Oui, j’aime bien placer mes récits ailleurs. Effectivement, j’ai du mal à les placer en France. C’est aussi ce que je vous disais tout à l’heure sur le fait de se dégager un peu du réel. Je parle déjà comme de situation sociale. Là, il y a l’histoire des gardes d’enfants dans Submersion. Il y a des choses qui sont concrètes et qui sont assez lourdes. Du coup, le fait de prendre un décalage soit dans le temps, soit dans l’espace, ça me permet aussi de faire en sorte que ce ne soit pas une chronique sociale. Je cherchais un peu aussi à ménager mon lecteur. Donc, c’est ce décalage-là qui m’intéresse.
Ça vous sert à créer une sorte de respiration.
Oui oui, exactement. Et du coup, de pouvoir aussi faire voyager le lecteur. C’est vrai que j’aime bien dessiner les grands espaces à côté des bâtiments brutalistes. Pour l’instant. Un récit qui se passe en montagne, par exemple, dans les Alpes françaises, pour moi, ça pourrait être possible.
D’accord. On va surveiller peut-être une apparition de montagne (rires). Vous avez vu du monde en dédicace. Les gens ont plutôt lu l’album ou ils viennent découvrir ? Ils avaient lu les précédents ?

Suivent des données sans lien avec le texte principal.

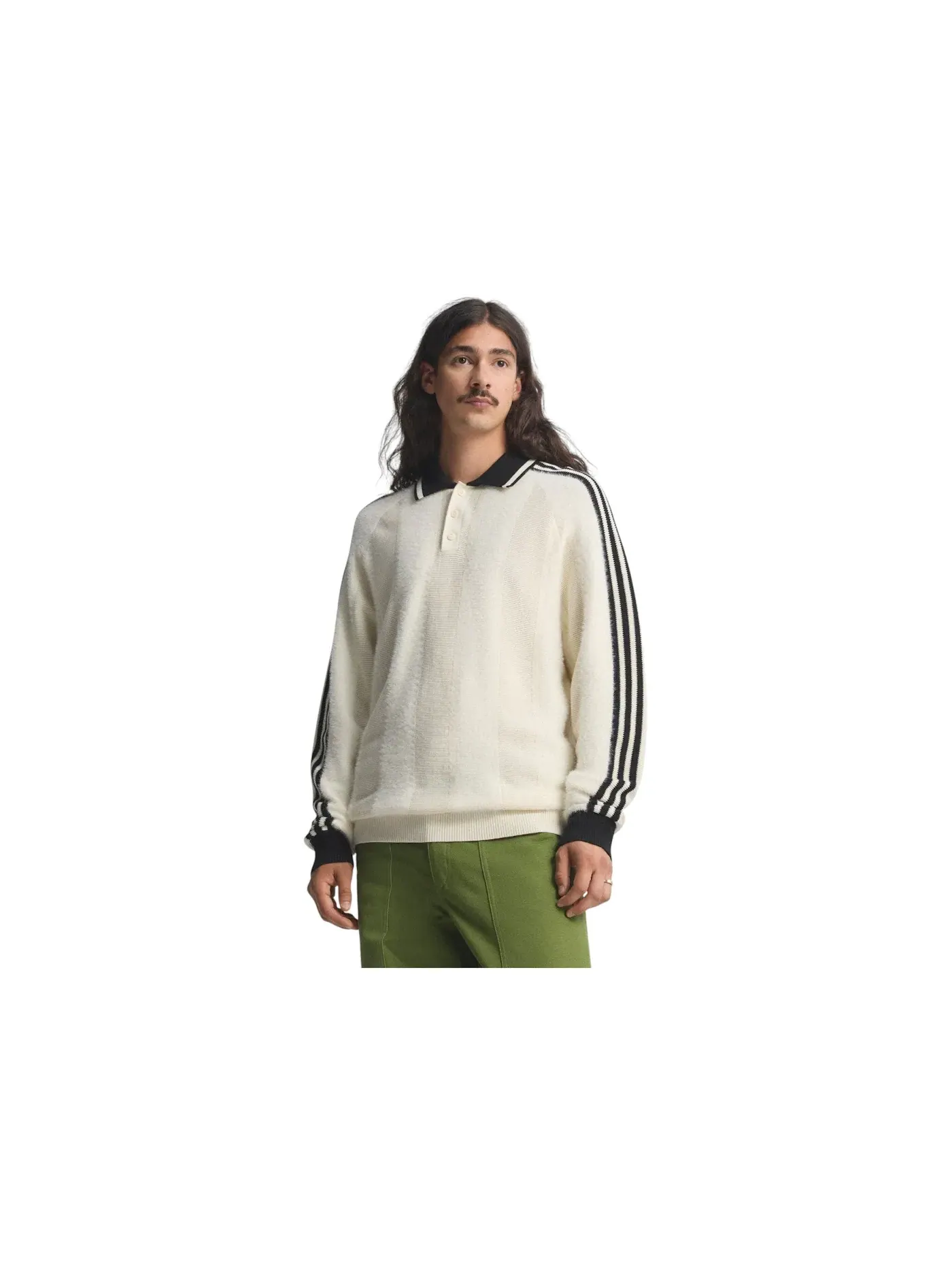 Мужская футболка с длинным рукавом Jersey Adidas — изображение 1 из 1, кремовый белый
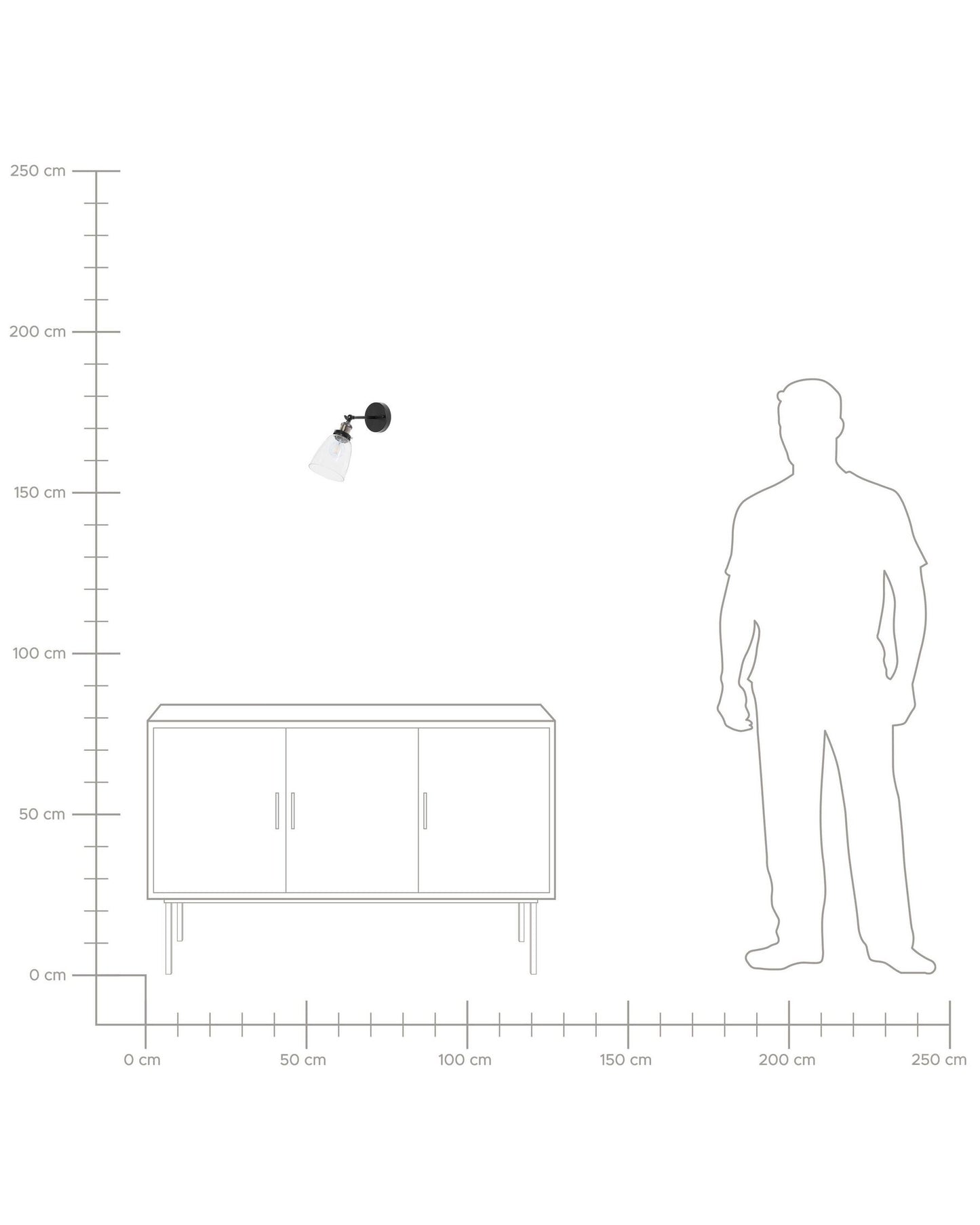 Conjunto de 2 lámparas de pared de vidrio negras
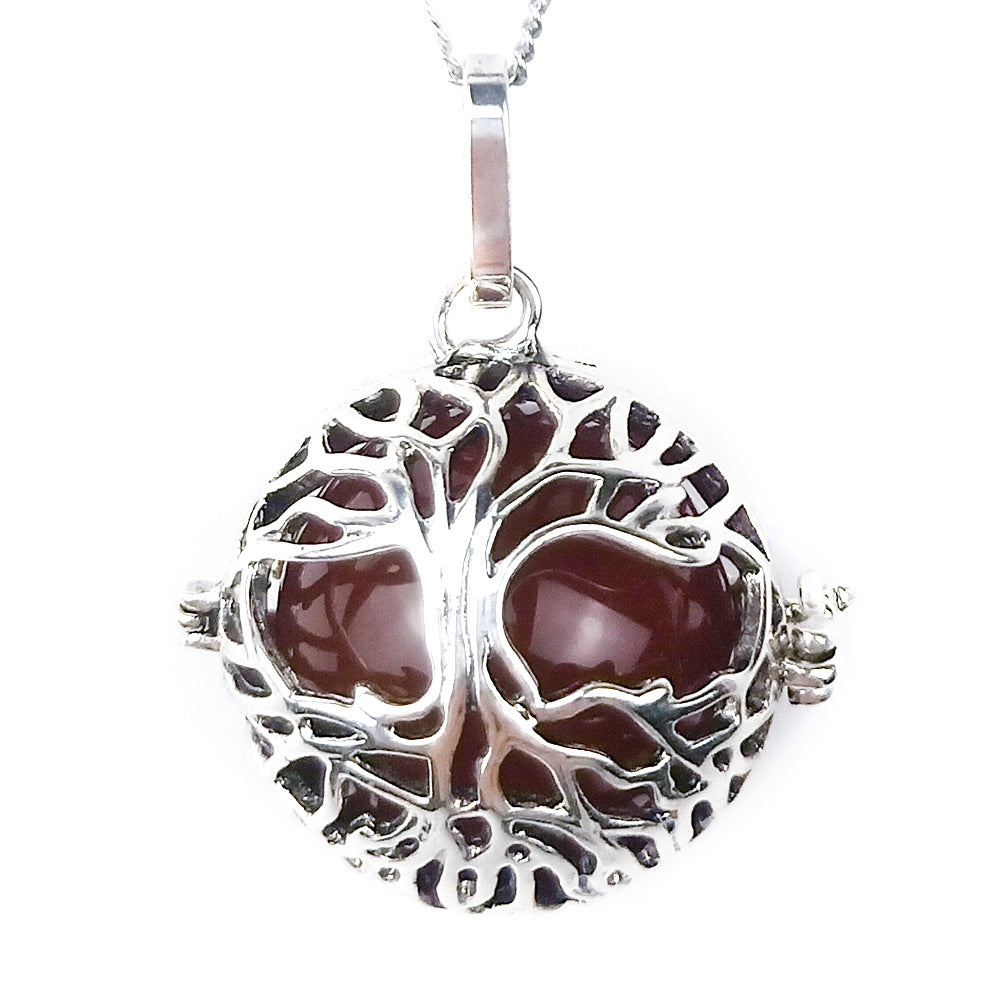 collier pendentif arbre de vie perle agate rouge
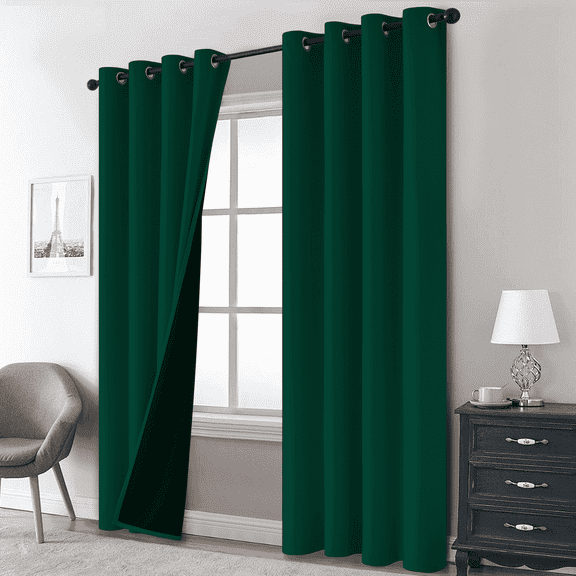 Yakamok 100% Blackout Curtains, Dark Green Curtains for Bedroom 84 inch Length with Black Backing Solid Grommet Panels for Living Room 2 Panels, 52Wx84L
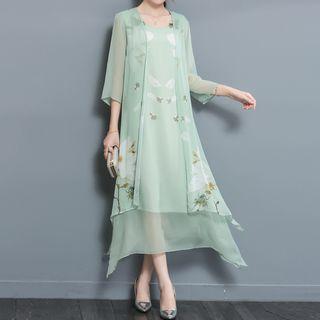 Set: Floral Print Sleeveless A-line Midi Dress + 3/4-sleeve Light Jacket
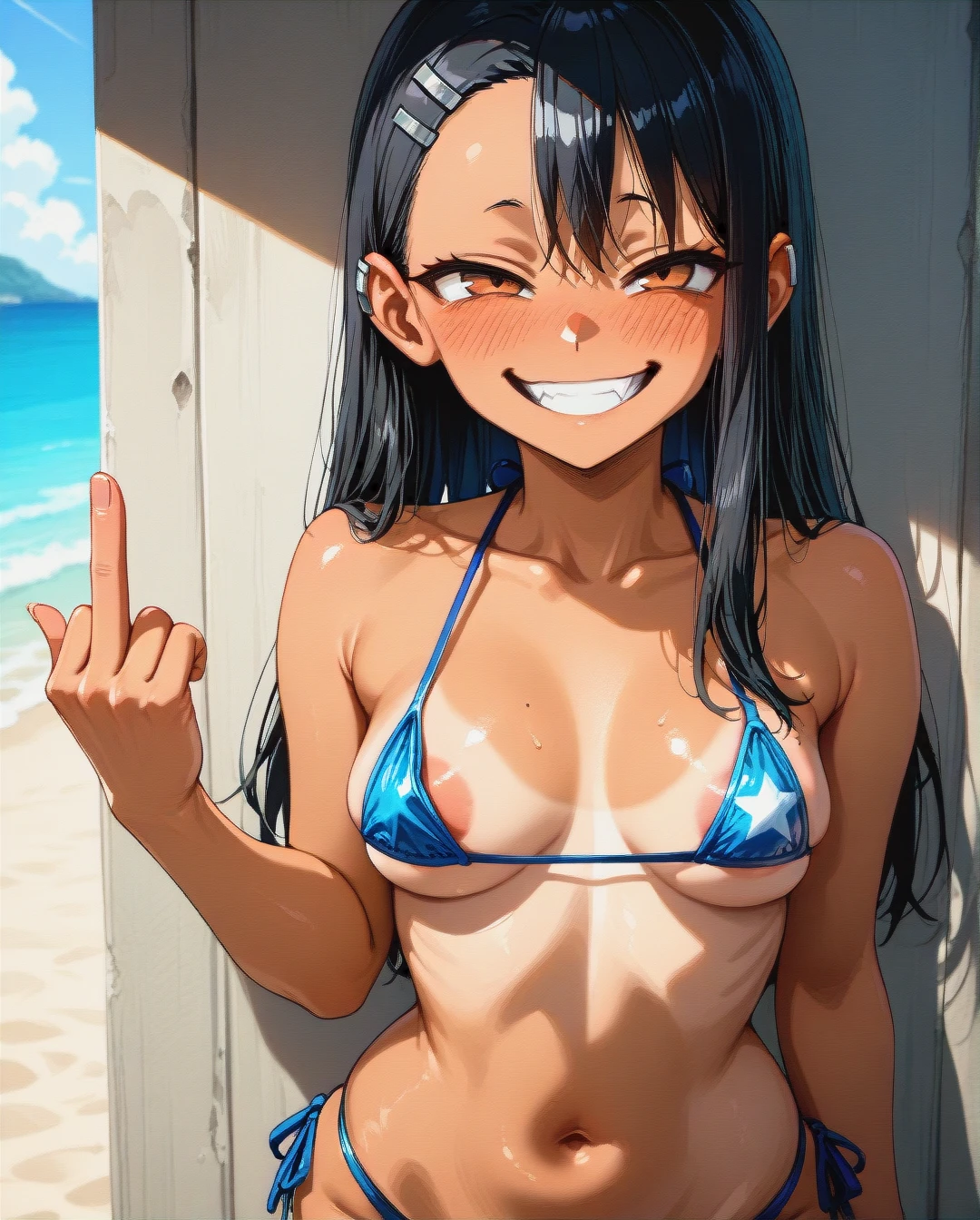 @nagatoro_hayase , (evil_smile) , (middle_finger) , (areola_slip) , bellybutton, bikini, caribean beach, Sunny day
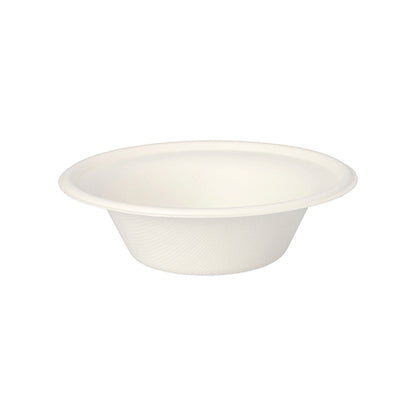The PAPSTAR 100 bowls, sugarcane "pure" from PAPSTAR GmbH is a simple, white, round disposable bowl made of eco-friendly sugarcane with a wide rim and smooth sides, depicted on a white background.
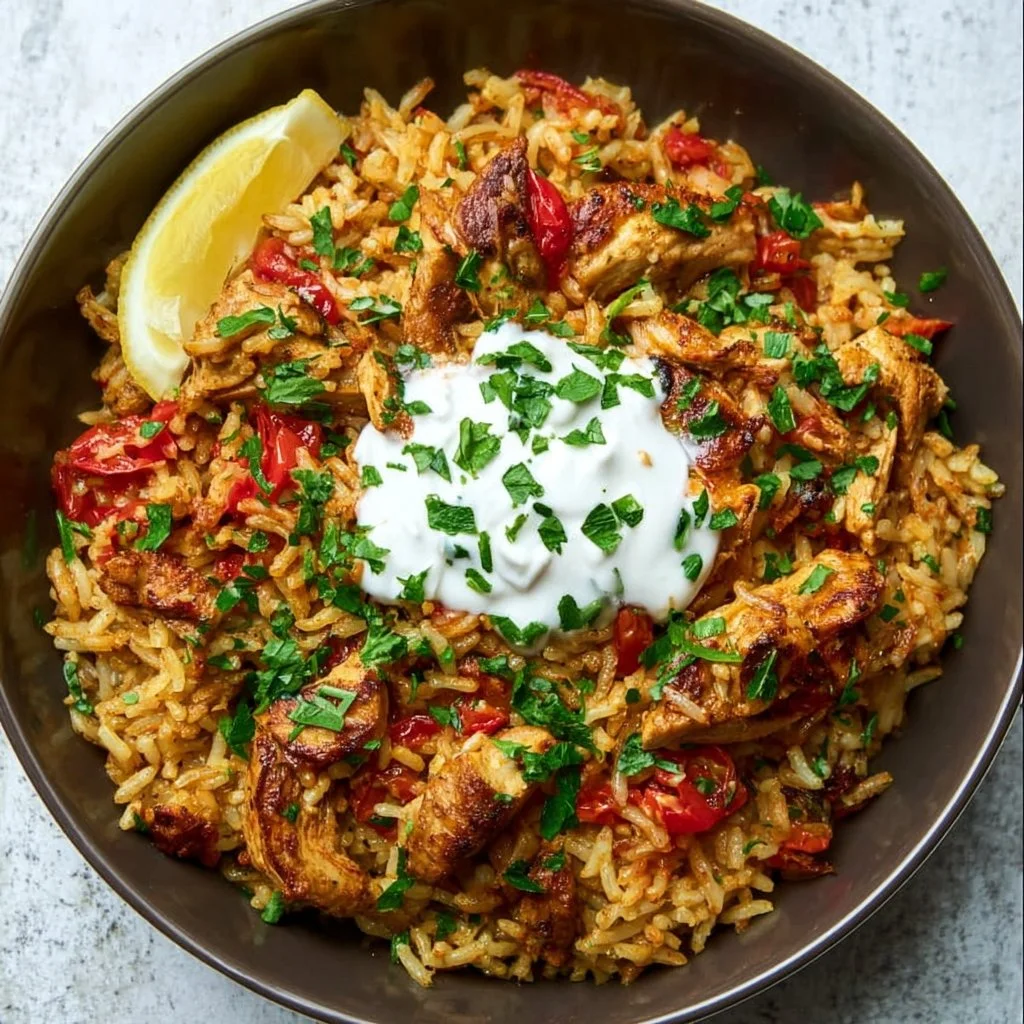 1735855500050-b33rq64b One Pot Chicken Shawarma Rice served in a bowl with fresh herbs and spices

Il y a eu pas mal de découvertes. Des gens qui ne me connaissaient pas du tout. Il y a aussi des gens qui avaient lu soit Akkinen, soit Esma et qui étaient présents pour suivre, même si à chaque fois, c’est une histoire complète.
Très bien, merci beaucoup !
Merci.
Propos recueillis par Chloé Lucidarme
Interview réalisée le vendredi 31 janvier 2025.